Henderson & Hilton

Monday, March 25, 2013

Creamy Chicken and Avocado Enchiladas

If you like chicken enchiladas, you will love this recipe! It's creamy, tangy and a great way to use up left over chicken. Make the filling with cooked chicken, onions, sour cream, jack cheese, salsa verde and avocados. Top the enchiladas with a cheese sauce made with chicken broth, cream, cream cheese and green chiles. Just bake for about 45 minutes.

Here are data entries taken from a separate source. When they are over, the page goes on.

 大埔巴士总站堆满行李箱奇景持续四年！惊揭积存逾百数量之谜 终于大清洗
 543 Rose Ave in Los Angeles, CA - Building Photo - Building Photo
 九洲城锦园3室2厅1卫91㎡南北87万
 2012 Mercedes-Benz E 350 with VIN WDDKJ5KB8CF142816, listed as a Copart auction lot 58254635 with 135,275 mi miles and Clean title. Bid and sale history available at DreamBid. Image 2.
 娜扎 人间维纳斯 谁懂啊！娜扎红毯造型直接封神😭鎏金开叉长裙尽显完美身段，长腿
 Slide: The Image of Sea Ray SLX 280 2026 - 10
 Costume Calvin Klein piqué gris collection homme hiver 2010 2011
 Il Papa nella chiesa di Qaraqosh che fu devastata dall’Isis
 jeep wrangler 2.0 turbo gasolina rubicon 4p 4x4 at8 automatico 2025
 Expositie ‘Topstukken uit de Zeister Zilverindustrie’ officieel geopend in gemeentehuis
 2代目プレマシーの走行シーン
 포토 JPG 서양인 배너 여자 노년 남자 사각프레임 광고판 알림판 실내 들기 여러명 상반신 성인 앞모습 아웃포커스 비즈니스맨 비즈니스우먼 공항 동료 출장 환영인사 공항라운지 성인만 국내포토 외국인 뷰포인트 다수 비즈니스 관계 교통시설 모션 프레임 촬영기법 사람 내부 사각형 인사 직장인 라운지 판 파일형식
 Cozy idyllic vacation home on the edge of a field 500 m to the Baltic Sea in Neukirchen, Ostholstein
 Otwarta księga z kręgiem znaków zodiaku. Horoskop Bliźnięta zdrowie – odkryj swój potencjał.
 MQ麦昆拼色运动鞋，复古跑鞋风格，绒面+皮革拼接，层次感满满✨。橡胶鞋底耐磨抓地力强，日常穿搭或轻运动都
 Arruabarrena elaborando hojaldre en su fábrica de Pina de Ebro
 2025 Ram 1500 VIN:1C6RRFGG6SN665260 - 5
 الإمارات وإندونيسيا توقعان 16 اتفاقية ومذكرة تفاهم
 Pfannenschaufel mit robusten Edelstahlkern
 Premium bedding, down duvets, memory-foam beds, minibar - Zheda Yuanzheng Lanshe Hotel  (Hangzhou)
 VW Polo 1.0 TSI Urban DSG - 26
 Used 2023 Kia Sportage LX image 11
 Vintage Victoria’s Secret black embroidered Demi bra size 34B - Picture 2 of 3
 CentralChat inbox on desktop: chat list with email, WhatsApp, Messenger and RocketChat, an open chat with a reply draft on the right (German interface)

You will want to eat the whole enchilada!

Ingredients
2 cups cooked chicken, shredded or chopped
1 small onion, chopped
1 cup sour cream
2 cups jack cheese, shredded and divided
1/2 cup prepared salsa verde
1 avocado, sliced
4 large flour tortillas
1 cup chicken broth
1 cup heavy cream
3 oz cream cheese
1 can green chiles
salt and pepper

Directions
Heat oven to 350 degrees. Combine chicken, onion, sour cream, salsa verde and 1 cup of cheese. Make cheese sauce by heating chicken broth, cream and cream cheese until reduced by about half. Add the other cup of cheese and stir until cheese melts. Add green chilis. Lightly cover the bottom of a 10 X 10 baking dish with cheese sauce. Place on cup of filling in each tortilla, top with 1/4 of avocado and roll up. Put enchiladas in baking dish and cover with remaining cheese sauce. Top baking dish with aluminum foil and bake for 45 minutes. Let enchiladas cool for about 10 minutes before serving.